SA Fashion Week returns to showcase its 41st season
THIS weekend, the Crystal Court in the Mall of Africa will be buzzing with fashion enthusiasts as they gather to view the 2023 Autumn/winter collections by some of South Africa’s most influential fashion designers.
Twenty-seven designers will launch their collections on the runway while 40 will exhibit at the trade show for this year’s SA Fashion Week (SAFW).
CEO of SAFW, Lucilla Booyzen, said this year marked 41 seasons since its inception in 1997.
“We remain committed to the business of fashion, of marketing and supporting our designer entrepreneurs, creatively and commercially and, most importantly, to provide a platform which gives the visibility required to access the local and global fashion industry,” she said.
Booyzen said many of the distinctive tropes that had emerged within the local fashion culture – a fascination with re-imagining our unique cultural references in a modern way, a commitment to slow and sustainable fashion, gender and body inclusivity – are increasingly coalescing into a vibrant ethos with immense marketability.
Three days of back-to-back shows showcased Autumn/winter 2023 collections from designers such as Amanda Laird Cherry, Ephymol, Rubicon, Black Coffee, and SAFW New Talent competition 2022 winner Munkus. These designers offer a preview of what to expect.
Amanda Laird Cherry returns to Durban’s iconic Victoria Street spice market, formerly known as The Indian Market, to draw inspiration from the vivid structural patterns created by the pyramid-like mounds of the spice displays for the collection’s exaggerated woven cut-outs, as well as for the vibrant colours mixed with traditional isishweshwe cloth.
Rubicon, an award-winning brand established in 2002 by Hangwani Nengovhela, is known for releasing iconic collections with impeccable designs. Nengovhela brings subtle African opulence to each collection. For her AW23 Collection, she taps into her Venda
heritage and its natural features of the landscape such as the Phiphidi Waterfall to express the resilience, power and strength of women who, like water, adapt to challenges by discovering new paths to flow smoothly.
With the AW23 Ephymol collection, Ephraim Molingoana expresses the confidence to create a playful, eclectic and gender-fluid collection that discovers the feminine polarity of the masculine. Timeless, bespoke and luxurious remain the hallmarks of one of Jozi’s best-loved designer signatures. This season, Ephymol collaborates with Hopewell Footwear, based in Kwazulu-natal, to develop shoes for his collection.

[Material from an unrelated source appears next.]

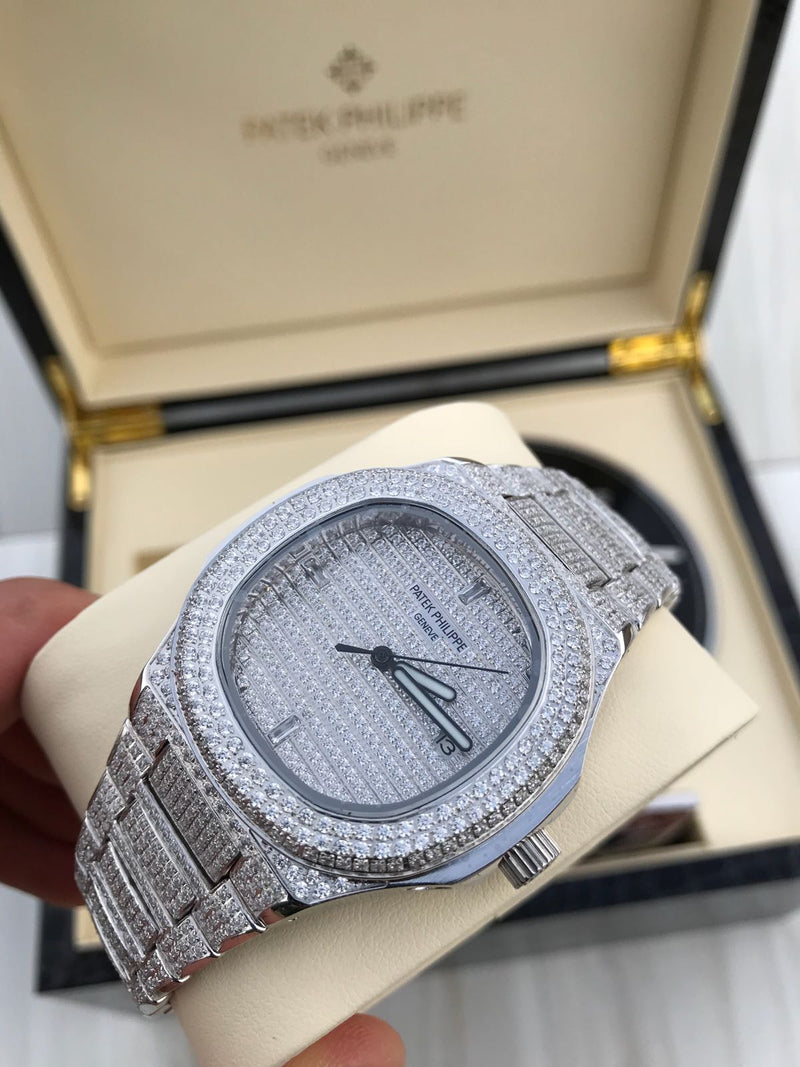 Nautilus Fully Iced Out  5711 1:1 Doublete ETÁ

Molingoana has earned several GQ Best Dressed awards and counts many South African A-list celebrities as clients. With his work and personal style much loved by the media, the brand has been showcased at SA Fashion Week since 2002.
Black Coffee designer Jacques van der Watt takes an evolutionary approach to design, building on what came before.

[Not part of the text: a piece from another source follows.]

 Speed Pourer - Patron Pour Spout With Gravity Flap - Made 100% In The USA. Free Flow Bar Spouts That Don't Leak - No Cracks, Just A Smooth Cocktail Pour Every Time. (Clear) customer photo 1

His AW23 collection re-imagines the most basic of closet staples and combines them with bags and accessories free of animal products. The collection metamorphoses from more utilitarian shapes at the offset to floating exaggerated silhouettes at the completion. Underpinning everything is a larger dialogue about the re-evaluation of norms confined to the male and female forms.
Jacques van der Watt is a master of the discreet style that refines craft, embellishing on traditions such as millinery and applique, and echoing African motifs but with a modern verve.

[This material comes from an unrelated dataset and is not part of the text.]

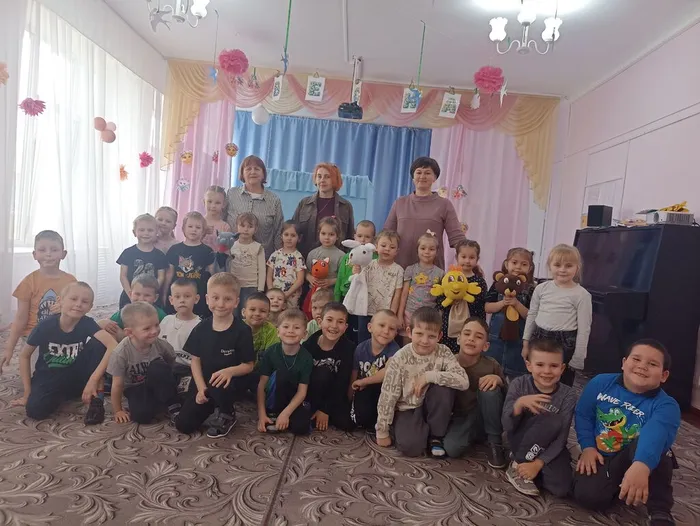 Кукольный театр в гостях у дошколят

In her first collection after winning the SAFW New Talent competition in 2022, Munkus designer Thando Ntuli pays homage to her mother in her AW23 collection, called ‘Umama Wami’, or ‘My Mother’. Using her mother as a metaphor, she explores the feminine capacity to adopt a multitude of personas to remain the nurturing centre, despite restrictions and challenges.
“Women are a kaleidoscope of colours. From darkness and cold, women bring light and warmth. Women bring life to any room entered. This collection aims to show the multifaceted feminine which also includes masculine qualities. I combine various weights of cotton fabric, from light and airy to heavier such as bull denim, to convey each persona. There is a focus on technical detail and pops of conceptual print imagery of my mother,” she said.